El cierre es realmente el inicio, donde empieza todo: las herramientas que durante estas décadas ha usado para estampar su universo gráfico en el papel.
Alquimista-artista
Hurgar en las obras de Rudy Espinoza es conocer sobre técnicas bastante complejas para que la imagen pase de una placa de metal al papel; todo con el color, el detalle y la precisión deseada. El aguafuerte, el grabado a buril, la cuatricomía son algunas de las que domina.
Al revisar estos 40 años, Rudy ve una carrera en la que se ha consolidado, en que no ha parado de producir y enseñar, en que ha sido perseverante y metódico, en que no se ha dejado vencer.
¿Por qué tanto amor por el grabado en metal, que es tan exigente? “Me sale bien. Cuando veo las placas de metal, me pregunto cuándo me doblegarán. Yo soy dibujante y veo una extensión de mi trabajo en el grabado en metal”, responde.
De tantos años, de tanta práctica, él es una especie extraña: un alquimista. Realmente hace magia con metales, ácidos, tintas, papeles, rodillos y dibujos; sin embargo, hay tanta ciencia detrás.
No se deja amedrentar por la zozobra de si algún día “alguna pelota extraña” le saldrá a causa de tantos químicos tóxicos durante mucho tiempo; solo debe lidiar con la diabetes. “Tengo 40 años en esto y no me ha salido nada; solo me quedé calvo, pero eso es de familia”, afirma con buen humor.
Todos los días se levanta, se toma un café, lee el periódico, desayuna, camina unos cuántos kilómetros y regresa a su taller.
No sale mucho, no le gusta porque lo desconcentra de su grabado. Le deja tiempo a la lectura y a su cita de los miércoles, cuando acude al Taller Nacional de Grabado en la Casa del Artista. El espacio le encanta porque él invita a aquellos creadores que cree le pueden aportar una visión interesante a su grupo.

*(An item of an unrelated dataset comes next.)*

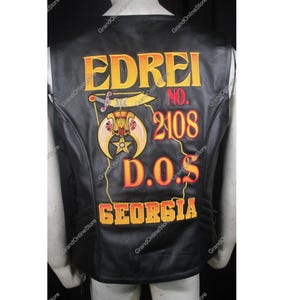 以下が含まれることがあります： 刺繍されたテキストとシンボルが付いた黒い革のベスト。「EDREI」の文字が黄色で、背面に「NO. 2108 D.O.S. GEORGIA」と表示されています。 剣と三日月のデザインも表示されています。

No para de trabajar: piensa grabado y viaja grabado. Cuando sale fuera del país lleva un tubo repleto de sus obras, ya que nunca sabe quién las querrá ver o comprar.
Va a algunas ferias de arte; para vender, sí, pero sobre todo para conversar con otros artistas y mantenerse actualizado de qué está pasando.
Su obra no es biográfica, pero en ella se halla la impronta inconfundible de su tinta sangre. Vida, grabado, qué más da; la imagen es lo que queda grabada.